WHAT YOU NEED TO DO — Give back each entry exactly as written, apart from the pictures.

SUPPLIED MATERIAL —
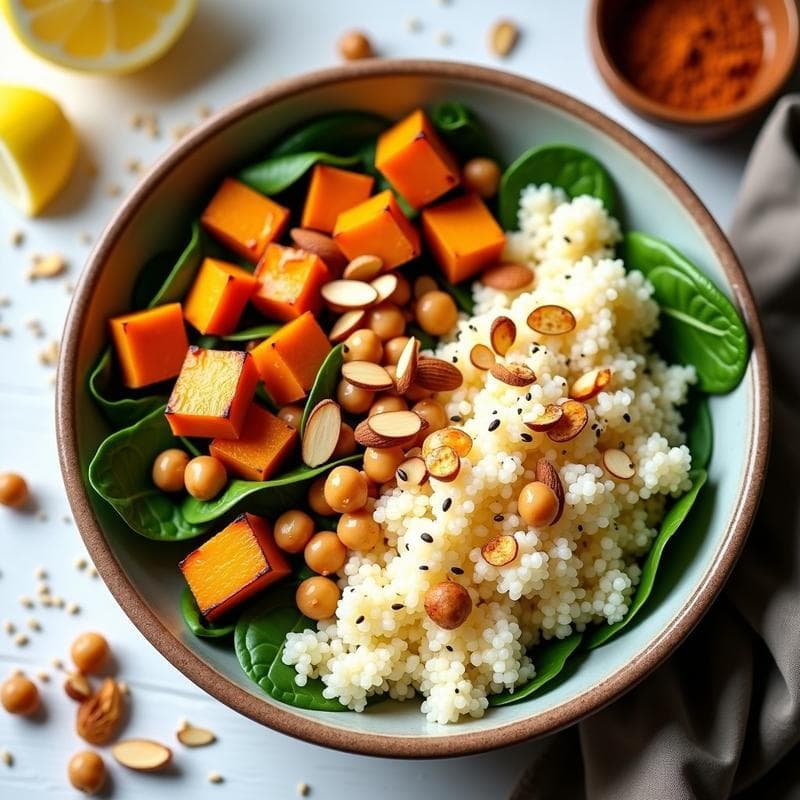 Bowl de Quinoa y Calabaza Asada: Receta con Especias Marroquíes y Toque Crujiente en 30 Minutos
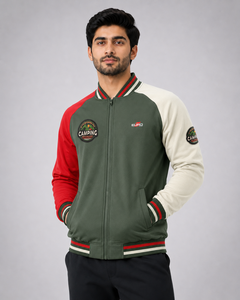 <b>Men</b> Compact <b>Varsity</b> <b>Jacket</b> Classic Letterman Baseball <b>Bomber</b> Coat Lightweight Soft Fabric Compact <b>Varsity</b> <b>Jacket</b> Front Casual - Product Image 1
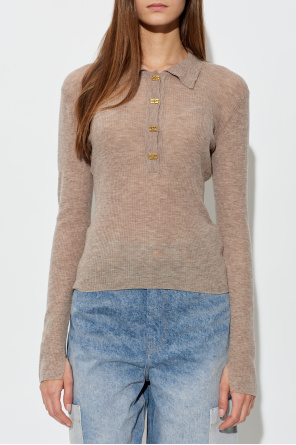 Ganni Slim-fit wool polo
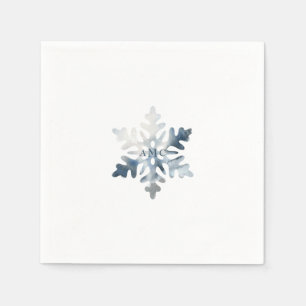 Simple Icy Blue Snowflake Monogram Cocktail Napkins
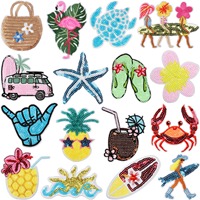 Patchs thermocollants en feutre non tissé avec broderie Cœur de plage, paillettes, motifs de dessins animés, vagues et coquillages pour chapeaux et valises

RESULT —
 Bowl de Quinoa y Calabaza Asada: Receta con Especias Marroquíes y Toque Crujiente en 30 Minutos
 <b>Men</b> Compact <b>Varsity</b> <b>Jacket</b> Classic Letterman Baseball <b>Bomber</b> Coat Lightweight Soft Fabric Compact <b>Varsity</b> <b>Jacket</b> Front Casual - Product Image 1
 Ganni Slim-fit wool polo
 Simple Icy Blue Snowflake Monogram Cocktail Napkins
 Patchs thermocollants en feutre non tissé avec broderie Cœur de plage, paillettes, motifs de dessins animés, vagues et coquillages pour chapeaux et valises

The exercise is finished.